» **Problem description**
Using the records that appear below, write out exactly the lines from the one with "JMIERR Men's Short" through the one with "Hello Kitty Rose", keeping both end lines.

» **Information supplied**
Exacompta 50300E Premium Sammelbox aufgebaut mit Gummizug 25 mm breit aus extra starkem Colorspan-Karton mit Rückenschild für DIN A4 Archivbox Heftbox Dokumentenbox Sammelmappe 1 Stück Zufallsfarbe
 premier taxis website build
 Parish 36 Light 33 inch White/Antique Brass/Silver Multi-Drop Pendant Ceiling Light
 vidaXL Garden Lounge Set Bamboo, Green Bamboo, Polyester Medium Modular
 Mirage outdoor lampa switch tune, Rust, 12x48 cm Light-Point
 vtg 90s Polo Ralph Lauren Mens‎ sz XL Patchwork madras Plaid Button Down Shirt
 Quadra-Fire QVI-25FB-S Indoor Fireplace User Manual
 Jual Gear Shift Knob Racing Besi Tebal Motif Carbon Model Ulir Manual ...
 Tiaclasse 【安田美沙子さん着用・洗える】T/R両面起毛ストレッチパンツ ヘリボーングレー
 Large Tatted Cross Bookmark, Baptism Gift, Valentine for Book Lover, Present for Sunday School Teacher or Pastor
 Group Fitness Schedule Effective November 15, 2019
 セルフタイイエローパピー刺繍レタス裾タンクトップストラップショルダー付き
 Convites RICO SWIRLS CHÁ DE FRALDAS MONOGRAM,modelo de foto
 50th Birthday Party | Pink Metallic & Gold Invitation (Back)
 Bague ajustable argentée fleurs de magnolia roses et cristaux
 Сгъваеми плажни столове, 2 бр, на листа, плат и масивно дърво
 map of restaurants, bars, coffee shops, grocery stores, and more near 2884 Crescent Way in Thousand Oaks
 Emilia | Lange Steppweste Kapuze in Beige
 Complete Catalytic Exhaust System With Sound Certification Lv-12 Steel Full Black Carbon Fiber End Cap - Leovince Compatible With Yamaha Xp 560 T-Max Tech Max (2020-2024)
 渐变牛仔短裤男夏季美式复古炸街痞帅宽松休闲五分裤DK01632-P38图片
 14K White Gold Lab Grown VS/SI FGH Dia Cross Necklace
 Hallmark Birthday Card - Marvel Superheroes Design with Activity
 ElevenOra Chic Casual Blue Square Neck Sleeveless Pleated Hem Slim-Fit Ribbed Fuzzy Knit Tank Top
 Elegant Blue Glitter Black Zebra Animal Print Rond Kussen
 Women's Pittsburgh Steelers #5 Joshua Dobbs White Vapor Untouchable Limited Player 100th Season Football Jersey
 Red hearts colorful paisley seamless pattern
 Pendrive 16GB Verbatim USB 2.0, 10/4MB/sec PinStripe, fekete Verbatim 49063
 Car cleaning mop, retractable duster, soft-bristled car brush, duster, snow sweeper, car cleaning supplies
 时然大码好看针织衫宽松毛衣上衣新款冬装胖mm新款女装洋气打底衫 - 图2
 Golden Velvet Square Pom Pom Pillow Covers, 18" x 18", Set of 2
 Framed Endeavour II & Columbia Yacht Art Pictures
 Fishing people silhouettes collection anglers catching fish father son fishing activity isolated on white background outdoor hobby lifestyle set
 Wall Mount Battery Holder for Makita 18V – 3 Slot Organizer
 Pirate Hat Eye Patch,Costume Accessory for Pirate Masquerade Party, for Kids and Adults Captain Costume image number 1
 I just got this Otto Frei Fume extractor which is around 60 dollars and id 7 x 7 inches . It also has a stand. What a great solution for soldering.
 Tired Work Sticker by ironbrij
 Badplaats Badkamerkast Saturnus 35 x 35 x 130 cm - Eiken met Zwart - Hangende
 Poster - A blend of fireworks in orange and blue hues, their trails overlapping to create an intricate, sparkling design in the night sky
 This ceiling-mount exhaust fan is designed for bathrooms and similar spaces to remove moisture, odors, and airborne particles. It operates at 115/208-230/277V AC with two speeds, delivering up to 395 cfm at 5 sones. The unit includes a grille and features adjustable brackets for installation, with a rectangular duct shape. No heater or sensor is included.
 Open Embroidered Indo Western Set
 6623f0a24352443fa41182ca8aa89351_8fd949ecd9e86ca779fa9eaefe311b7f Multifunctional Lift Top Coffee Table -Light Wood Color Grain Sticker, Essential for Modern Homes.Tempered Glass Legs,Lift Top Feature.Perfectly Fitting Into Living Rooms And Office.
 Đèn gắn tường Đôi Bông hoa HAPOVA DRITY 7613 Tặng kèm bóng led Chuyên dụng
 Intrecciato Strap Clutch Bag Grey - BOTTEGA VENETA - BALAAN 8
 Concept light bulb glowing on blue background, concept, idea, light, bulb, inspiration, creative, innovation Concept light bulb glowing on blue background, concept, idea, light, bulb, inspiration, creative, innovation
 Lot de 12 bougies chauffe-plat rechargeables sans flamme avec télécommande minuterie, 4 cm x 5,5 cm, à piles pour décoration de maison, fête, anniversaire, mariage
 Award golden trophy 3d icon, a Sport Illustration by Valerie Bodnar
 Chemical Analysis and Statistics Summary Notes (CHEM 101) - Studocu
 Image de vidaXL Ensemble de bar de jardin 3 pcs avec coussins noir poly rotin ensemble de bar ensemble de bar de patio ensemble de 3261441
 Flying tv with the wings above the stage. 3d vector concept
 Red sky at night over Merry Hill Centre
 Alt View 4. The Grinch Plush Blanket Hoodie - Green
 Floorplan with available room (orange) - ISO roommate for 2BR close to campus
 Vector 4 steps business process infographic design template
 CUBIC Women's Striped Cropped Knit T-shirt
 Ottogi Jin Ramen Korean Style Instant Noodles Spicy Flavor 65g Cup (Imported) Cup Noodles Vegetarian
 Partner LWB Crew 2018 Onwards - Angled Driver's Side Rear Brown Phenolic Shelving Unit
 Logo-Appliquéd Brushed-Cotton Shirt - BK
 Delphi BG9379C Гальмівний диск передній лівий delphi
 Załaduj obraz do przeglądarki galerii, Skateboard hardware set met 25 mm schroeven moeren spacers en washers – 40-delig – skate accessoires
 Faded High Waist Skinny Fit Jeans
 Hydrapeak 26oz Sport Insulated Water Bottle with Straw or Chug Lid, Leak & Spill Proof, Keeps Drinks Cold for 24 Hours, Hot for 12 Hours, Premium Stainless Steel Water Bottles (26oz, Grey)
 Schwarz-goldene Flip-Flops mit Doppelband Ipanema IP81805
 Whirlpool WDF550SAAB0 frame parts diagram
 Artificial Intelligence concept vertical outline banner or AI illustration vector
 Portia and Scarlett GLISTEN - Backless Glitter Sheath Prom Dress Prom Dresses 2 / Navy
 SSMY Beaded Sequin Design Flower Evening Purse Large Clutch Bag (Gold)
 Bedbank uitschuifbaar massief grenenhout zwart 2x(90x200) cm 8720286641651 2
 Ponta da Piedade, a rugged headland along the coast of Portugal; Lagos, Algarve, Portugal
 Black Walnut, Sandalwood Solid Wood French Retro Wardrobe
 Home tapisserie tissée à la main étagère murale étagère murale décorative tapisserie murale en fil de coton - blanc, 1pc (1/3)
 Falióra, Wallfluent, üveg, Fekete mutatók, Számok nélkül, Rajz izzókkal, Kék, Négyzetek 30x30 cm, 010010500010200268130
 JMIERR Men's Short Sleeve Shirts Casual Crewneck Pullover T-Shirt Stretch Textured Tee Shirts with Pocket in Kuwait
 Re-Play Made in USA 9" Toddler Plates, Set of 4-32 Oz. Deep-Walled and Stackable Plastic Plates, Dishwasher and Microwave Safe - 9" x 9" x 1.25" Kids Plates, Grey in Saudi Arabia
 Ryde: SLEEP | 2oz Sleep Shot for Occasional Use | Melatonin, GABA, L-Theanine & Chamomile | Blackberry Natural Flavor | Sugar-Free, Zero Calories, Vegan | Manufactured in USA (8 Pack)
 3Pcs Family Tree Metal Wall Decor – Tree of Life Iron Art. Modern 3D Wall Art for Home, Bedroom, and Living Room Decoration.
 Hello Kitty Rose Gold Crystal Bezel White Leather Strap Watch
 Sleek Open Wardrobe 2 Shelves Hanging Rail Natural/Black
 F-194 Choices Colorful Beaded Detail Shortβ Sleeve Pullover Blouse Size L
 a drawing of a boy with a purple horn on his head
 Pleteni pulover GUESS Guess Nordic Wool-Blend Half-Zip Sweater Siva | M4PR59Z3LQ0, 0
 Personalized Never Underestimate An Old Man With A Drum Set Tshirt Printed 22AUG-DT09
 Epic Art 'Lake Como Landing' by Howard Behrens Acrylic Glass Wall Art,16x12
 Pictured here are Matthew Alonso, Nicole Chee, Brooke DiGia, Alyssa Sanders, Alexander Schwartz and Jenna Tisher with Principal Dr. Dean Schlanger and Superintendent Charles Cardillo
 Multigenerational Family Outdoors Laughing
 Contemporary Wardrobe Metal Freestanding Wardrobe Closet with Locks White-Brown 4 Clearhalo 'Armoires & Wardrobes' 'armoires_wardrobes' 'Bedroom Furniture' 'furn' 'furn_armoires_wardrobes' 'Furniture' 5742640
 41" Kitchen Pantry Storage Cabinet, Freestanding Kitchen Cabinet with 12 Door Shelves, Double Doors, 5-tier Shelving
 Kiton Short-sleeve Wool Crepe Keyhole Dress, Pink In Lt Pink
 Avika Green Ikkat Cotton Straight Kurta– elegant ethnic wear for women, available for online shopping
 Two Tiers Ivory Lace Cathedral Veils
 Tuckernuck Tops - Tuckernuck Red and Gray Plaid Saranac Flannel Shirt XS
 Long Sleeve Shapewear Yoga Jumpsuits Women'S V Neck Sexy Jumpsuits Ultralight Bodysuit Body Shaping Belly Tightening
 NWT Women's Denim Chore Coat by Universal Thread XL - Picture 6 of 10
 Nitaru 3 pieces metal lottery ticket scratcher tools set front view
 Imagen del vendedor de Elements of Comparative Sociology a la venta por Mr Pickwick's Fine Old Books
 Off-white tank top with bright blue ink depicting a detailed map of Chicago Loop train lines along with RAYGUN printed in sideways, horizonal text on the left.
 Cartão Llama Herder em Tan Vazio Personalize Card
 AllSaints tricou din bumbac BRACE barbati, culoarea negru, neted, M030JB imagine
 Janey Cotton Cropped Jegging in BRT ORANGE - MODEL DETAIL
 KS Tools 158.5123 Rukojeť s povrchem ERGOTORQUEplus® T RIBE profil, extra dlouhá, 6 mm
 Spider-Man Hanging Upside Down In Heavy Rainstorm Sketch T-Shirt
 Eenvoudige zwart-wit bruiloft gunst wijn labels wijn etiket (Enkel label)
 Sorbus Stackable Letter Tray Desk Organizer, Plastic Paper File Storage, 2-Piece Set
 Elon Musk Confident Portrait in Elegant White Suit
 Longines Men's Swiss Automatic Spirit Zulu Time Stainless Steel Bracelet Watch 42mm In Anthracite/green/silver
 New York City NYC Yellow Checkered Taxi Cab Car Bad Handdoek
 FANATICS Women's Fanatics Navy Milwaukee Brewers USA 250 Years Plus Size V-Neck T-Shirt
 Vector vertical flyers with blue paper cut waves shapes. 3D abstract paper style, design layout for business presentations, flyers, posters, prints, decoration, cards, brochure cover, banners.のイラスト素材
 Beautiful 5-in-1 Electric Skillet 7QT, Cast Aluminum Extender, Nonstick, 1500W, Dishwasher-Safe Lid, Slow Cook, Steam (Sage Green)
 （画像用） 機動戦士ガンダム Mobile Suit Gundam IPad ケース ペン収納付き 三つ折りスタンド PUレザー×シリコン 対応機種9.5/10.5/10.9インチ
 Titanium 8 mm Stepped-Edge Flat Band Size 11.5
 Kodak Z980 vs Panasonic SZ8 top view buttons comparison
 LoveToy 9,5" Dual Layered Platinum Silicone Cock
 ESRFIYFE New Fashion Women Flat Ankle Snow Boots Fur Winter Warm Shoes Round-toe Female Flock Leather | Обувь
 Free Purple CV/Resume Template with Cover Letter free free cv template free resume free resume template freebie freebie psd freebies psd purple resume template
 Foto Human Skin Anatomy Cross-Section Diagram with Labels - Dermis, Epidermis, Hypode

» **Task response**
 JMIERR Men's Short Sleeve Shirts Casual Crewneck Pullover T-Shirt Stretch Textured Tee Shirts with Pocket in Kuwait
 Re-Play Made in USA 9" Toddler Plates, Set of 4-32 Oz. Deep-Walled and Stackable Plastic Plates, Dishwasher and Microwave Safe - 9" x 9" x 1.25" Kids Plates, Grey in Saudi Arabia
 Ryde: SLEEP | 2oz Sleep Shot for Occasional Use | Melatonin, GABA, L-Theanine & Chamomile | Blackberry Natural Flavor | Sugar-Free, Zero Calories, Vegan | Manufactured in USA (8 Pack)
 3Pcs Family Tree Metal Wall Decor – Tree of Life Iron Art. Modern 3D Wall Art for Home, Bedroom, and Living Room Decoration.
 Hello Kitty Rose Gold Crystal Bezel White Leather Strap Watch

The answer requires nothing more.